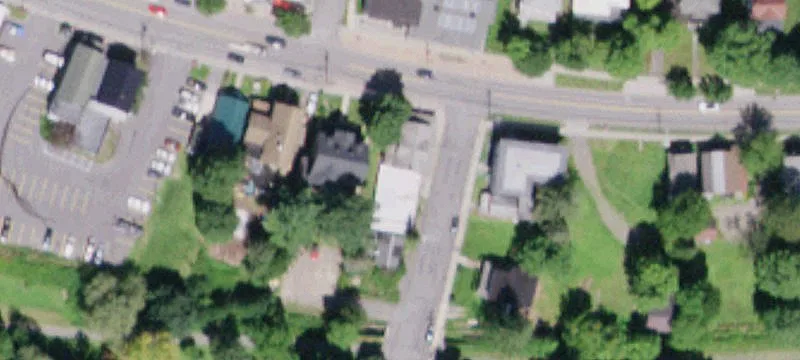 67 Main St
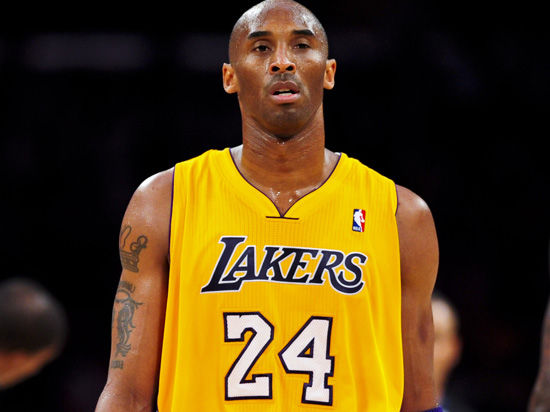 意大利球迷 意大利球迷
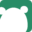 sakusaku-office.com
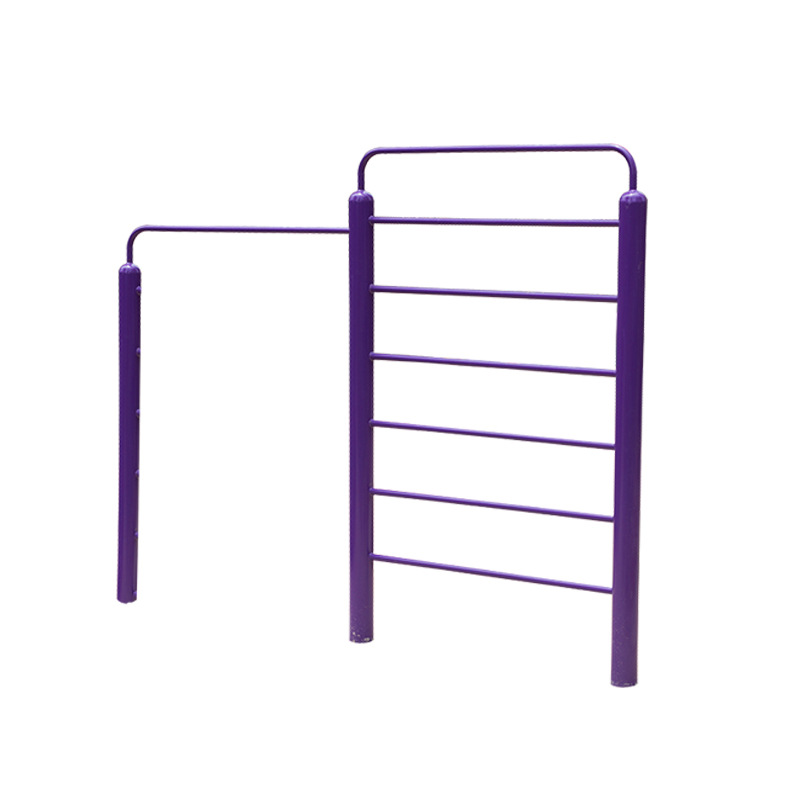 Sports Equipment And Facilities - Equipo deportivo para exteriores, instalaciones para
####################
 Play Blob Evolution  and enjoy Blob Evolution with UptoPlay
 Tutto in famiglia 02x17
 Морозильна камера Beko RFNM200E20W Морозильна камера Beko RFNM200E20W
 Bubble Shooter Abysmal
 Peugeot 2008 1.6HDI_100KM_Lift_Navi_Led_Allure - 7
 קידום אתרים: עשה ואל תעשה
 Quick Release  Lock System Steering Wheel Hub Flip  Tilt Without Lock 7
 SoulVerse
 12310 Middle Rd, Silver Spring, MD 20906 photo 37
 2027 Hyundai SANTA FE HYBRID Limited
####################
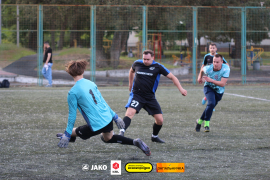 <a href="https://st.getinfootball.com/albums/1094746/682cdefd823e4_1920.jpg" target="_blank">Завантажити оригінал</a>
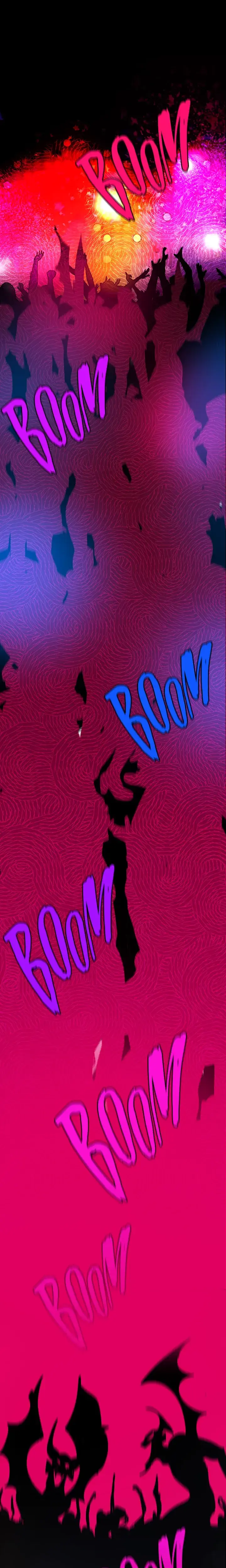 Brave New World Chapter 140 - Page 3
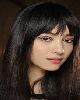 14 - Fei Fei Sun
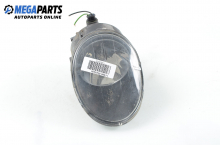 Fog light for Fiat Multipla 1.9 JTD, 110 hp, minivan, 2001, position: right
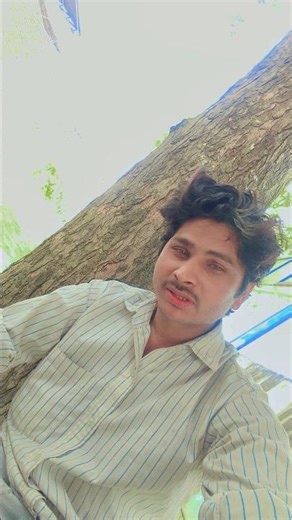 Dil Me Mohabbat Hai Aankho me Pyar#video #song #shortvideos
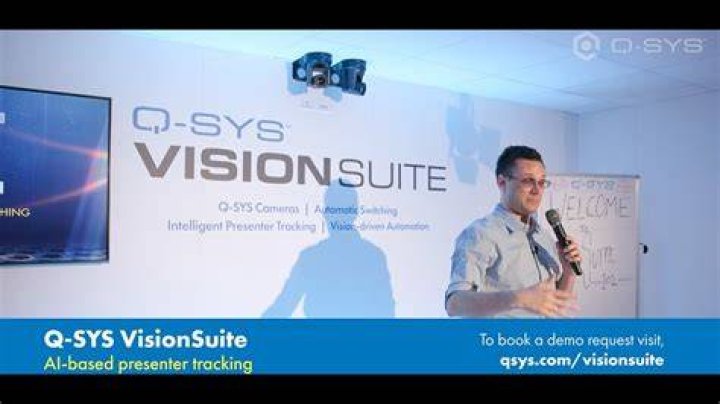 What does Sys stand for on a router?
####################
**EXERCISE DESCRIPTION**
In the listing above, find the line containing "意大利球迷 意大利球迷". Output it and every line after it up to and including the line containing "Sports Equipment And", exactly, but skip the pictures.

**SOLUTION**
 意大利球迷 意大利球迷
 sakusaku-office.com
 Sports Equipment And Facilities - Equipo deportivo para exteriores, instalaciones para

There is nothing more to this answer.